I’m often asked why I blog. Initially I stayed anonymous, but over time the anonymity began to dissipate and by now, most people who know me also know my blog. Occasionally, one will question why I write, why I allow myself to be so vulnerable by sharing my life so publicly. It didn’t begin this way. Initially I was attempting to write one of those funny mom blogs… but I was the only one who found them funny. One day I was struggling, and I wrote a piece that reflected that struggle. The response was overwhelming. People were commiserating with what I was writing, and it made me feel better. No, it made me feel fantastic.
As the blog progressed and my goals grew loftier, I often tried to find a unique spin on parenting topics- I mean, how else was I ever going to reach a million readers and launch myself into mommy blogger stardom?? I would write something and hand it over to my husband to critique, he would hand it back after correcting my horrendous grammar and exclaim that it’s ready for publishing.
“But what did you think of it?” I always pressed. His words said “great,” but his face said, “meh.”
“It was good.
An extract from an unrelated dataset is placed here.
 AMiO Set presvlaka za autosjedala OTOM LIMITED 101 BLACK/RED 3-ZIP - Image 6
You know I think your best posts are the ones where you write about yourself and your struggles,” he would bravely respond.
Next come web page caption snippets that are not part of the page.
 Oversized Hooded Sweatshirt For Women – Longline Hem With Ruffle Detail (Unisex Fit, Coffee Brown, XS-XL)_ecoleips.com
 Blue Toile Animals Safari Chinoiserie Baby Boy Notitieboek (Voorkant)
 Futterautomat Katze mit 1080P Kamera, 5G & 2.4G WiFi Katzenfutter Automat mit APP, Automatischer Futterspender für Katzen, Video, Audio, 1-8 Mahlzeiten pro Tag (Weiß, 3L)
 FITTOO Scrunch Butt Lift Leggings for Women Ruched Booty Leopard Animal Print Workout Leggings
And he was right; I would always connect the most with people when I wrote from the heart. You see, I’m not unique, I’m just like you. My voice is all of yours… just posted publicly to 1,700 people.
Like all of you, there are days where I’m Supermom! I’m totally rocking parenting—everyone is following directions; there are no major tantrums; we’re on time for most things; the kids are happy and smiling and so am I.
But, I also admittedly have horrendous parenting days where it seems like the Joker has swooped in and kicked Supermom’s new, larger, mom ass. It’s even accompanied by the crazy Joker perma-grin affixed to my face. I wear this to convincingly pretend that I’m not ready to run from my house screaming at any moment. Those are the days I wonder exactly what I was thinking when I agreed to let my husband touch me with his penis. I immediately flash to the moment, seven years ago, when I did the happy dance as I tossed my last package of birth control in the trash basket. Oh, right, like most of you, I asked for this.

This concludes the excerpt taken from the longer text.